The theme, repeated a few times in this volume, is that you can be a bad person but it depends on who you're bad to. Yeah, murdering people is 100% an evil thing to do, which makes Lewellyn a dangerous and very Not Good person...but even our society does actually accept killing people as a normal and just action under certain circumstances. War. Executions. Etc. And I admit I'm starting to wonder if Lewellyn has a specific reason for the executions he's carrying out, because he says himself at one point that he considers himself a "hunter," not a "butcher," and "hunters don't kill humans."
But unless this is just a big misunderstanding, like the whole stalking situation, Lewellyn has admitted to Shavonne that he was the serial killer, and the murders stopped when Shavonne told him he would break up with him if he didn't quit it.
Some of it's discomfort with the actions themselves...and some is self-preservation, because Shavonne is a survivor, no matter how bad his life has gotten, and does not want to be bundled in as an accomplice. He struggles with whether he can possibly date or fall in love with someone like Lewellyn...but the problem is that he already has.
The part I find the most oddly refreshing about all of this is that Lewellyn is somehow both intensely obsessive but also respectful of Shavonne's boundaries. He explicitly says: yeah, I could take whatever I wanted from you, no matter what you said. But I wouldn't do that, because I'm not an animal. Pretty basic behavior that...is not a particular rule of thumb for a lot of these BL relationships, including in a manga I just read and disliked earlier today.
So while Shavonne and I don't currently understand Lewellyn's moral compass or code of conduct, he is abiding by a certain set of rules he's set for himself. I'm interested to find out what those are.
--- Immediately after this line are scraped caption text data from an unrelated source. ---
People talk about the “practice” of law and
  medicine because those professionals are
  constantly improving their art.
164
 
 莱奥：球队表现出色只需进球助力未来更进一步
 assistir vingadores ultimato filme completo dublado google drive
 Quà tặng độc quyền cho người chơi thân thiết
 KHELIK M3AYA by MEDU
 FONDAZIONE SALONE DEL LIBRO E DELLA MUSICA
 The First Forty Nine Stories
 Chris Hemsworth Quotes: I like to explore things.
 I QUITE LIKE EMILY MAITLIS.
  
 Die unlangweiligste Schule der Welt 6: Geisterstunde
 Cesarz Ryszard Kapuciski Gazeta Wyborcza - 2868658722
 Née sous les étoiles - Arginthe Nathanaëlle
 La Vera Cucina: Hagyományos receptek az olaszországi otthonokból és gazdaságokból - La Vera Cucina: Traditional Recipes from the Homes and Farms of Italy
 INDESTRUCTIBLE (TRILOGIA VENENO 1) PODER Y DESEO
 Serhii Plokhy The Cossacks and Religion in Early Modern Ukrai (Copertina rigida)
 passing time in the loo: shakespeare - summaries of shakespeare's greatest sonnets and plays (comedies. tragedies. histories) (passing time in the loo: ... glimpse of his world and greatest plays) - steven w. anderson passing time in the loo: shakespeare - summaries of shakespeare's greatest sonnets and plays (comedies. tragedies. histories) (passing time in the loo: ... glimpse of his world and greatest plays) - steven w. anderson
There's also this weird part I didn't totally understand, but I think it must've been flashbacks to a point in their lives when the two of them knew each other - but Shavonne has somehow forgotten? Has his doctor "friend" been wiping his memories and brainwashing him this whole time?
It's incredibly disturbing to find out that Shavonne's only friend has spent the last eight years essentially controlling him, using his various boyfriends to spy on him. This most likely includes the handsome publisher who persistently shows up at his door and tells him his writing is incredible. I don't know what the game is here, but Shavonne appears to be some sort of strange experiment, and I'm not sure how much Lewellyn knows about it.
But for the first time in years, Shavonne has a boyfriend who would never betray him or be swayed by whatever bribery or threats had been employed against all the other exes.
August, the most recent ex whom we'd met in volume 1, turned out to be the stalker, spurred on by Fawkes. And the only letters Lewellyn had been writing Shavonne were those long, angsty love letters as the customer who wanted Shavonne to "edit them" for him.
I loved the letter Lewellyn wrote the night Shavonne rejected him. His love is so palpable and genuine. I want to find out more about it, and him.